Pakistan has been in desperate need for a realisation of this transformation. On the economic front, the GDP growth rate stands at just above 5 percent, compared to India’s 7.3 percent and Bangladesh’s 7 percent. Pakistan’s external debt has also sky-rocketed to $ 91.8 Billion, with the inflation rate at 5.21 percent and the Rupee devaluing to 130 against the US Dollar.
Do you know what’s worse? Pakistan’s worrisome ranking on international social indexes. Recently Pakistan has been placed among the most dangerous countries in the world for women, journalist and tourists. On the Gender Parity Index, Pakistan ranks 143rd out of 144 countries, only ahead of Yemen.
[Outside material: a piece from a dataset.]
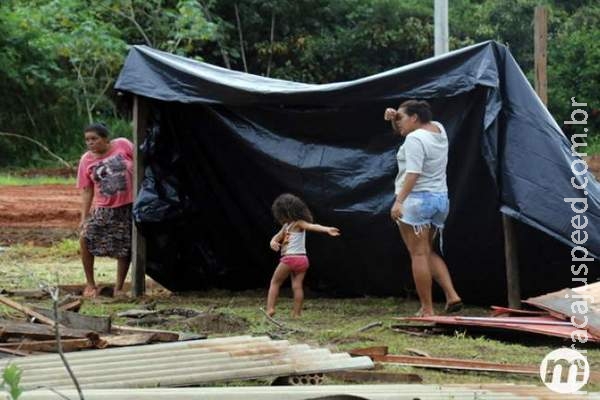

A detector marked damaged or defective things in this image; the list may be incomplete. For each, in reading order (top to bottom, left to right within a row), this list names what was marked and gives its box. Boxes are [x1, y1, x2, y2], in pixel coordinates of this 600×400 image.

rusted metal roofing [400, 314, 600, 342]
rusted metal roofing [524, 282, 600, 338]
rusted metal roofing [0, 336, 372, 390]
rusted metal roofing [18, 382, 600, 398]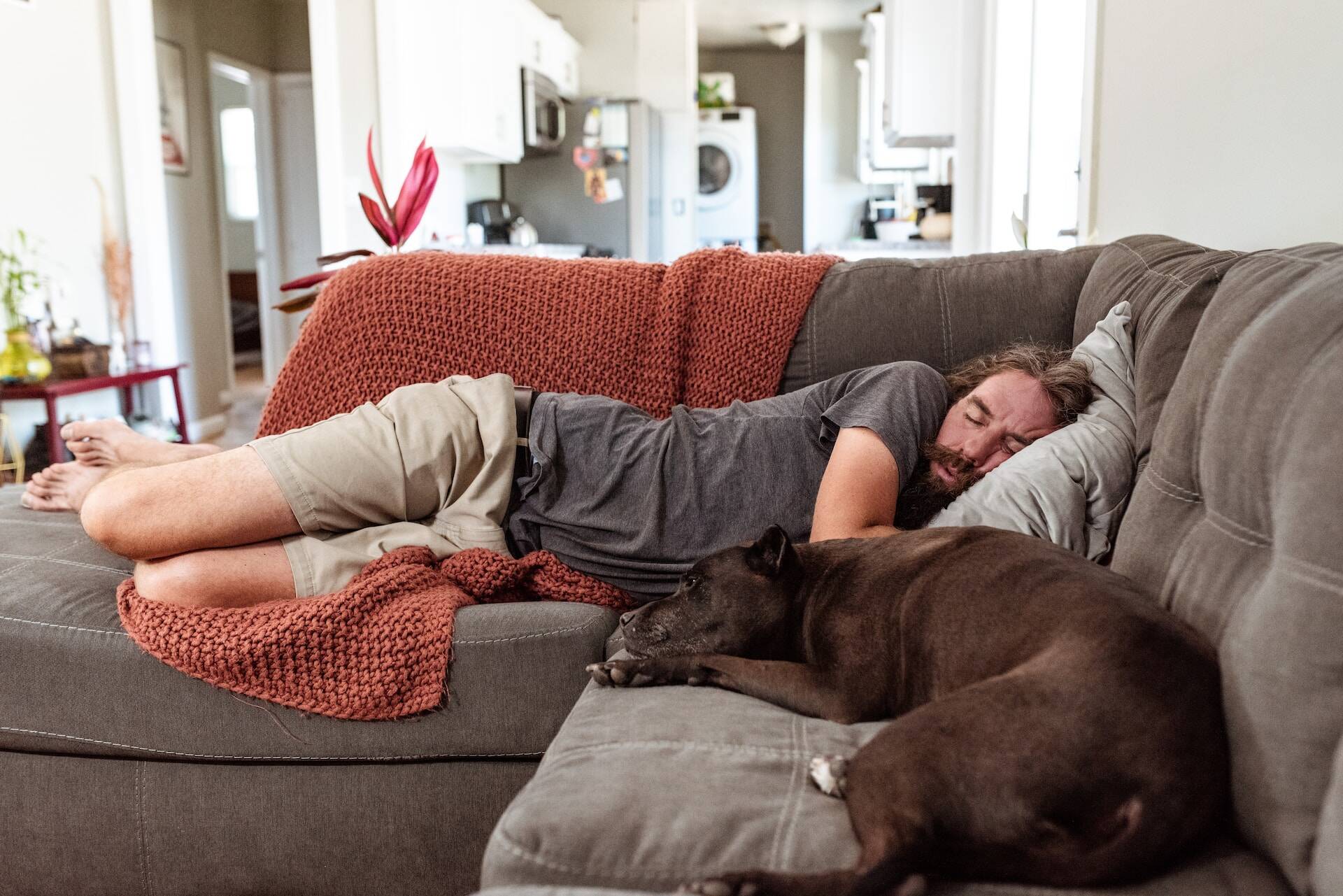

And it ranks 119 out of 128 on the Global Innovation Index, which measures innovation for different domains including political environment, education, infrastructure and business sophistication. The number of out of school children in Pakistan at the primary level is the second highest in the world, only after Nigeria.
Sixty percent of Pakistan’s population is under the age of 30. In the next 8-10 years, this group would be running the state of affairs. But an alarming 24 million children are out of school in Pakistan. 24 million individuals, instead of being drivers of the economy will become a burden. Are we then knowingly compromising on our future?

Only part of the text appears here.